*** DATA TO PROCESS ***

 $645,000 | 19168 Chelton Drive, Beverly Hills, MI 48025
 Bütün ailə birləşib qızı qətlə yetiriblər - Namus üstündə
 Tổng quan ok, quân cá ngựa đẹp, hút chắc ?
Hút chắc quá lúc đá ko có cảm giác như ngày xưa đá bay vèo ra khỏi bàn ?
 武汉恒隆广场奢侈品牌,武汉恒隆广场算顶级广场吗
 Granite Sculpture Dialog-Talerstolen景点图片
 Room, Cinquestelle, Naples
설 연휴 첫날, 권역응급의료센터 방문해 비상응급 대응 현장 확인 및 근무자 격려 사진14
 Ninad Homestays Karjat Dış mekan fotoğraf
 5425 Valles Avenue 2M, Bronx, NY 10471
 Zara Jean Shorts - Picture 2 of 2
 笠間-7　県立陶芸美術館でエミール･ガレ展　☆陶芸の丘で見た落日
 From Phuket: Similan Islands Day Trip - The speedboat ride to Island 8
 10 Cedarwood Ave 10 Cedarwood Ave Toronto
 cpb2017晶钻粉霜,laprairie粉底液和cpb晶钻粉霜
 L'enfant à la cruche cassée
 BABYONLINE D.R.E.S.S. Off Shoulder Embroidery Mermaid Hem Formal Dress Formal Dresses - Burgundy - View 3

*** End of DATA TO PROCESS ***

WHAT IS BEING ASKED ▸ Without altering a single word, reproduce the entries above.

TASK RESULT ▸
 $645,000 | 19168 Chelton Drive, Beverly Hills, MI 48025
 Bütün ailə birləşib qızı qətlə yetiriblər - Namus üstündə
 Tổng quan ok, quân cá ngựa đẹp, hút chắc ?
Hút chắc quá lúc đá ko có cảm giác như ngày xưa đá bay vèo ra khỏi bàn ?
 武汉恒隆广场奢侈品牌,武汉恒隆广场算顶级广场吗
 Granite Sculpture Dialog-Talerstolen景点图片
 Room, Cinquestelle, Naples
설 연휴 첫날, 권역응급의료센터 방문해 비상응급 대응 현장 확인 및 근무자 격려 사진14
 Ninad Homestays Karjat Dış mekan fotoğraf
 5425 Valles Avenue 2M, Bronx, NY 10471
 Zara Jean Shorts - Picture 2 of 2
 笠間-7　県立陶芸美術館でエミール･ガレ展　☆陶芸の丘で見た落日
 From Phuket: Similan Islands Day Trip - The speedboat ride to Island 8
 10 Cedarwood Ave 10 Cedarwood Ave Toronto
 cpb2017晶钻粉霜,laprairie粉底液和cpb晶钻粉霜
 L'enfant à la cruche cassée
 BABYONLINE D.R.E.S.S. Off Shoulder Embroidery Mermaid Hem Formal Dress Formal Dresses - Burgundy - View 3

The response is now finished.